There are several types of Forex accounts. Forex trading accounts can however be classified into two main categories namely; demo and live accounts. The accounts are mainly classified according to type of funds (i.e. cash or virtual funds) among other factors ranging from lot-size to account management. Below is a discussion of the main types of accounts in Forex trading.
1. Demo account
As the name suggests, this type of account is used for demonstration (demo) purposes. Demo accounts (also known as practice accounts) are used by individuals who wish to learn how to trade. A demo account teaches a newbie trader how to trade without exposing the trader to the risks involved in live trading. A demo account is similar to a live account in every way except one i.e. a demo account uses virtual money.

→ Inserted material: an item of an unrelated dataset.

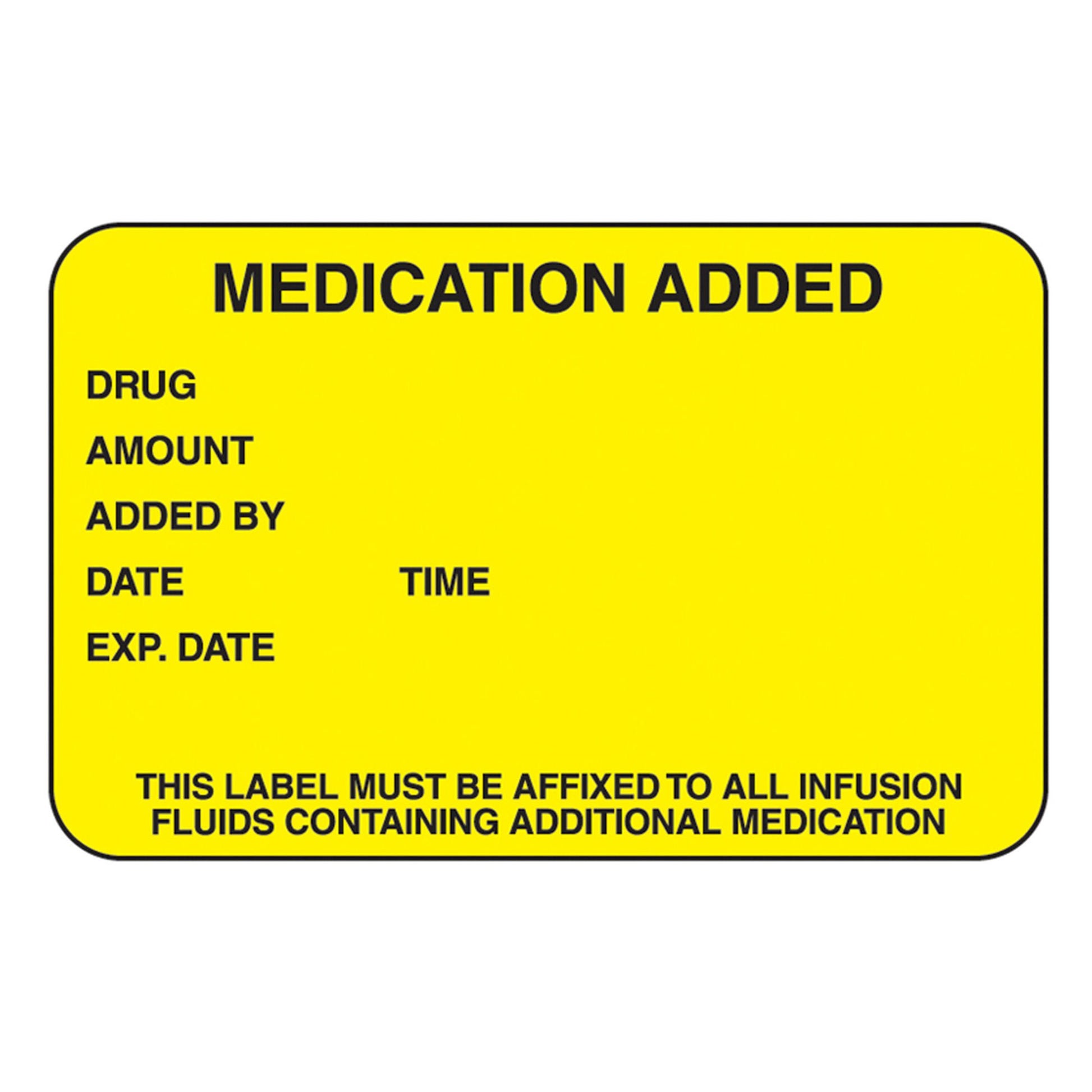Indeed Medication Instruction Advisory Label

Trades are however conducted real-time like live account trades. The currency quotations are also live. A demo account allows newbie traders to familiarize themselves with trading platform/software features as well as test their trading strategies. Traders can choose their initial deposit, trading preferences among many other custom options available with live accounts.
Although it’s not a must to open a practice account before opening a live account, it’s highly advisable to do so in an effort to gain the relevant skills and expertise required to execute live trades successfully. For instance, a demo account will help you test your strategy and understand the trading software in advance. These are very important factors to consider for successful trading.
2. Live account
In Forex trading, a live account is simply a Forex trading account with real money. A Forex trader is supposed to open a live account after testing their Forex strategies on a demo account for months (ideally 6-12 months). This should be the case since live accounts are risky accounts for traders who haven’t tested and proven their strategies. There are a number of live accounts classified according to lot size and account management. The main types of live accounts are discussed below:
a. Micro account
A micro account is live account that allows trading in micro-lots i.e. 1,000 units of currency. When trading with a live micro account, 1 pip is equivalent to $0.1. The main aim of opening a micro account is to learn how to trade live with minimum risk. Although a demo account can teach you how to trade effectively, trading with real money offers a more practical experience. Opening a micro account is therefore a great way to start trading live. A typical micro account can be opened with a $50-$100 deposit.
b. Mini account
A mini account is a live account that allows trading in 10,000 units of currency (mini-lots). When trading with a live mini account, 1 pip is equivalent to $1. A mini account is ideal for a trader who wants to increase their gains while trading live without exposing themselves to too much risk. The account is also idea for a trader with some more risk capital since a typical mini account requires a minimum initial deposit of $1,000.
c. Standard account
A standard account is a live account that requires trading with standard lots i.e. 100,000 units of currency. When trading with a live standard account, 1 pip is equivalent to $10. A standard account is ideal for experienced Forex traders who are in a position to take considerable risk while trading live. A typical standard account requires a minimum initial deposit of $10,000.
d. Managed trading account
As the name suggests, this is a special type of live trading account whereby trading is done on behalf of an account holder by a professional trader. Managed trading accounts are available to individuals who would like to profit from Forex trading but don’t have the time and/or expertise to trade live actively. In exchange for managed trading services, account holders pay a commission and/or a fee/s that have been agreed upon for operation of such an account. A managed trading account requires a considerably amount of capital i.e. above $10,000 in most cases. You don’t however need to spend your precious time and effort studying and assessing the Forex market. Your Forex broker assigns a professional trader to trade on your behalf.
The above information summarizes the main types of Forex trading accounts. It is however important to note that Forex accounts can differ from one broker to another. Although there may be other types of accounts assuming other names, Forex trading accounts revolve around the types of accounts discussed above.